Entries below include pictures. Output exactly the lines from the one with "black hair pale" down to the one with "Louis Vuitton Pink", both ends included, and leave the pictures out.

* [GIVEN INFORMATION]:
+ + +

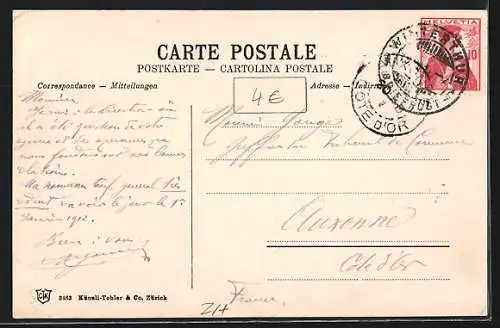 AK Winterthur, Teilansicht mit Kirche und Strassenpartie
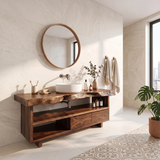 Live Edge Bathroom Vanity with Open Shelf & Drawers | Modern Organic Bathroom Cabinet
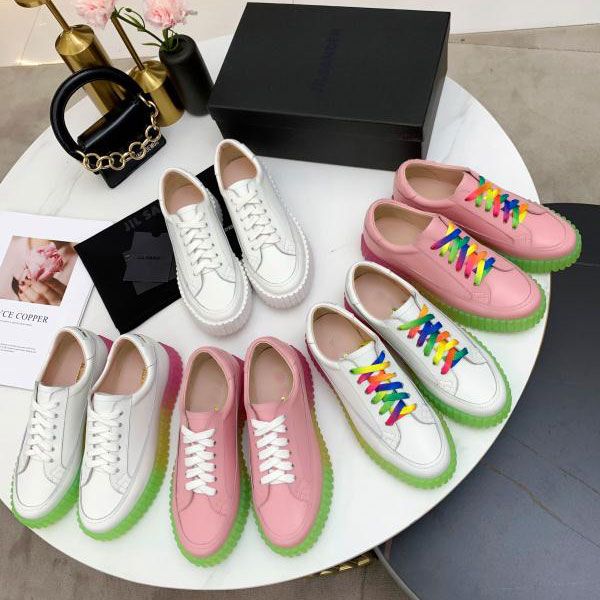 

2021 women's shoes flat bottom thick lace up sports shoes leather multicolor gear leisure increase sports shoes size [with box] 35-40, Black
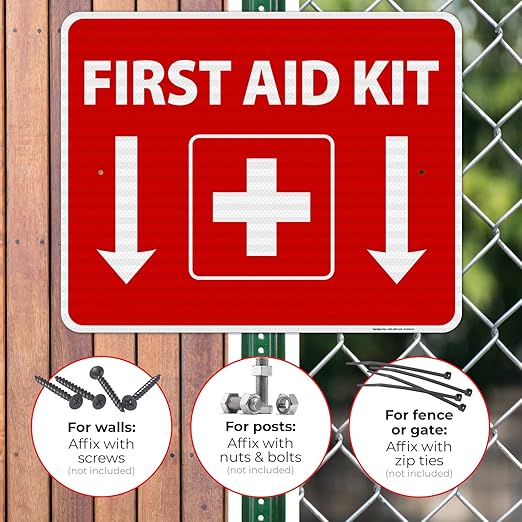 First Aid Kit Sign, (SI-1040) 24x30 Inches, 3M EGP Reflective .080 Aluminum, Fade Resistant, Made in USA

+ + +

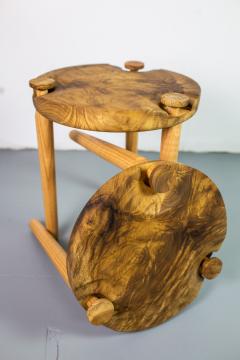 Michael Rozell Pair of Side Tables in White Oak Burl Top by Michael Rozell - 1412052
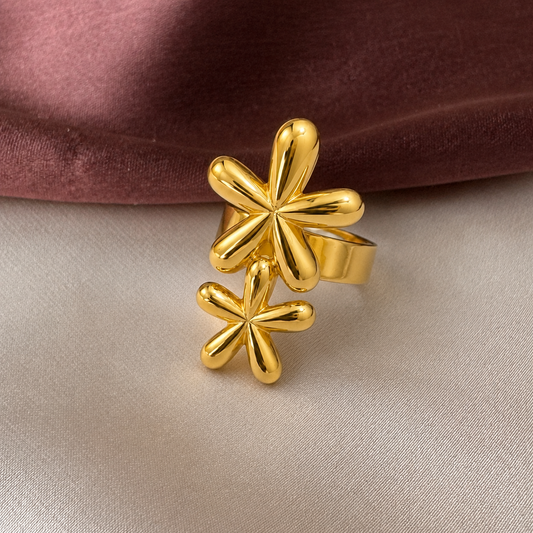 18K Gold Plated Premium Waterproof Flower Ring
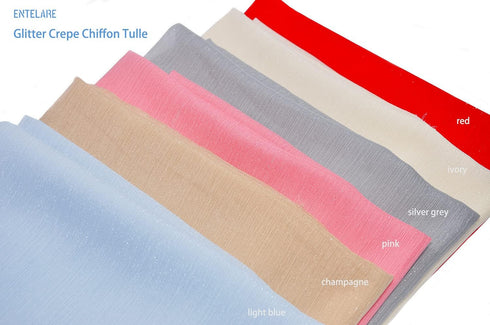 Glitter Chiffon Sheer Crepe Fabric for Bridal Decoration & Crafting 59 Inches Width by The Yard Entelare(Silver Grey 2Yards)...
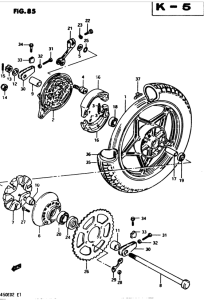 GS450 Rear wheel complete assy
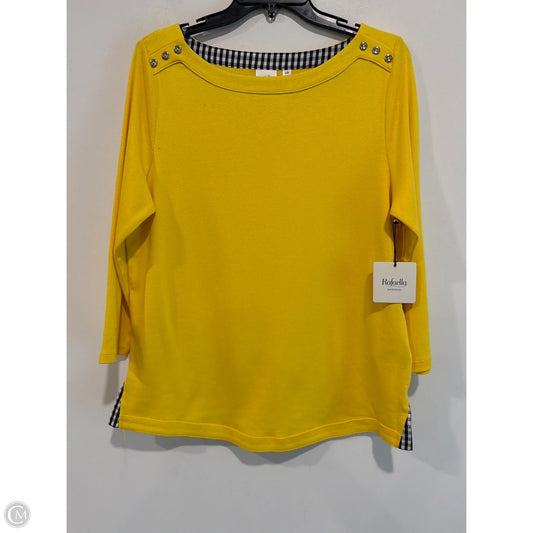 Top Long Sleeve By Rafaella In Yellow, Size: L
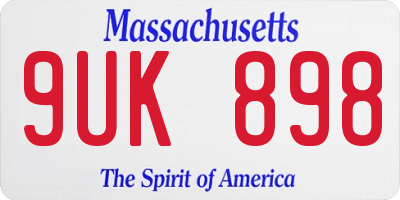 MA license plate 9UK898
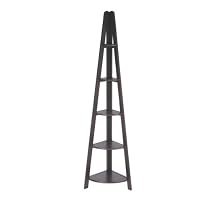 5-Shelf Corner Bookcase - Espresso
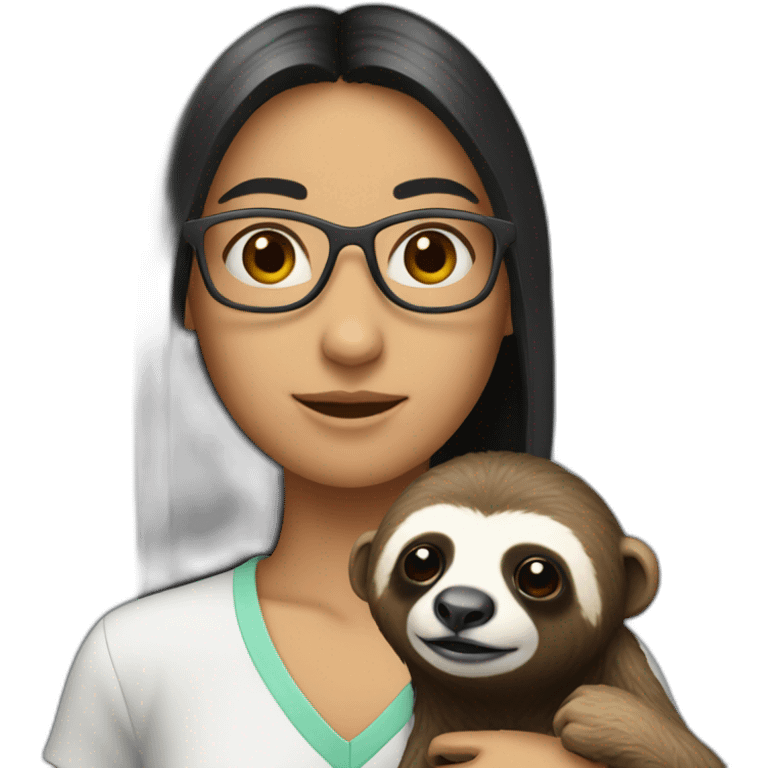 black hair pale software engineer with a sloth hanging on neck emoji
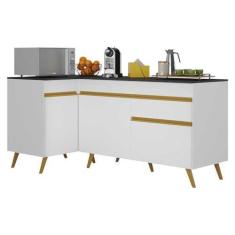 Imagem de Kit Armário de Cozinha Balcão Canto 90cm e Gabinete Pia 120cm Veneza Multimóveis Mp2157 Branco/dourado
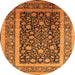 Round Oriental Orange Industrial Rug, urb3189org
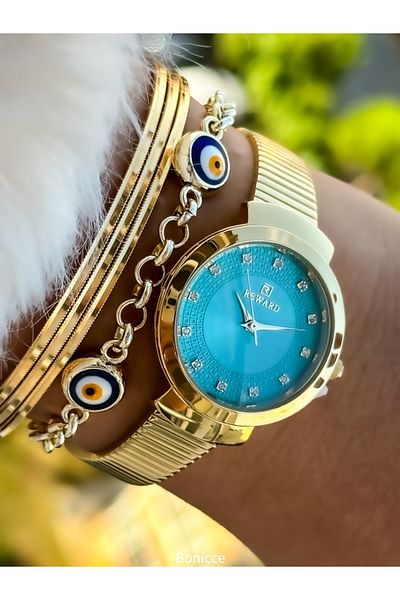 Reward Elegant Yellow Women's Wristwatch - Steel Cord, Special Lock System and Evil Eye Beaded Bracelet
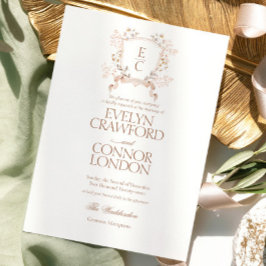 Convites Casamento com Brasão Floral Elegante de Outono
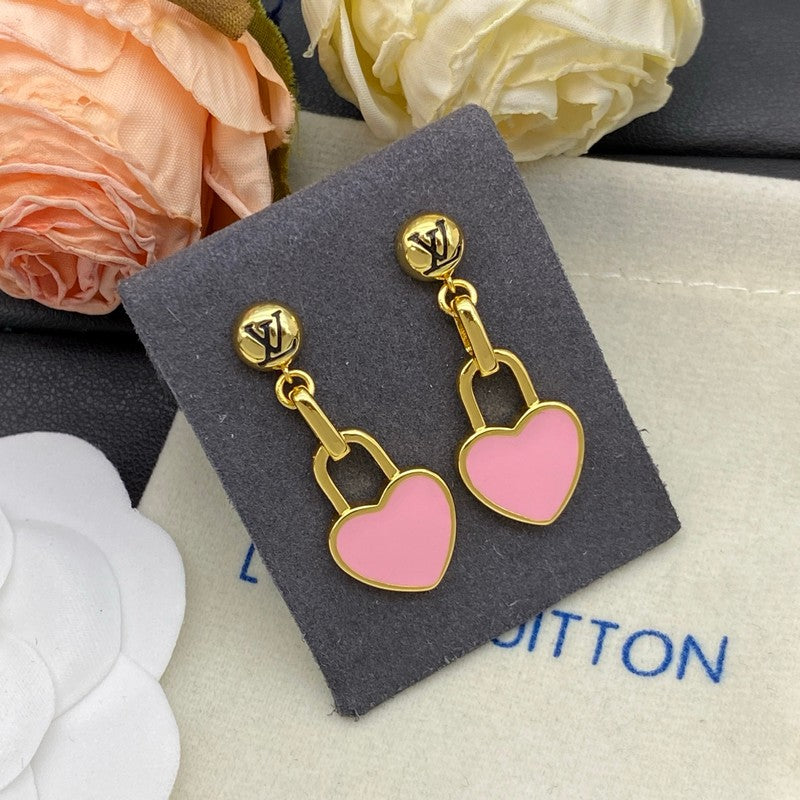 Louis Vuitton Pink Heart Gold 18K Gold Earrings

+ + +

* [EXERCISE SOLUTION]:
 black hair pale software engineer with a sloth hanging on neck emoji
 Imagem de Kit Armário de Cozinha Balcão Canto 90cm e Gabinete Pia 120cm Veneza Multimóveis Mp2157 Branco/dourado
 Round Oriental Orange Industrial Rug, urb3189org
 Reward Elegant Yellow Women's Wristwatch - Steel Cord, Special Lock System and Evil Eye Beaded Bracelet
 Convites Casamento com Brasão Floral Elegante de Outono
 Louis Vuitton Pink Heart Gold 18K Gold Earrings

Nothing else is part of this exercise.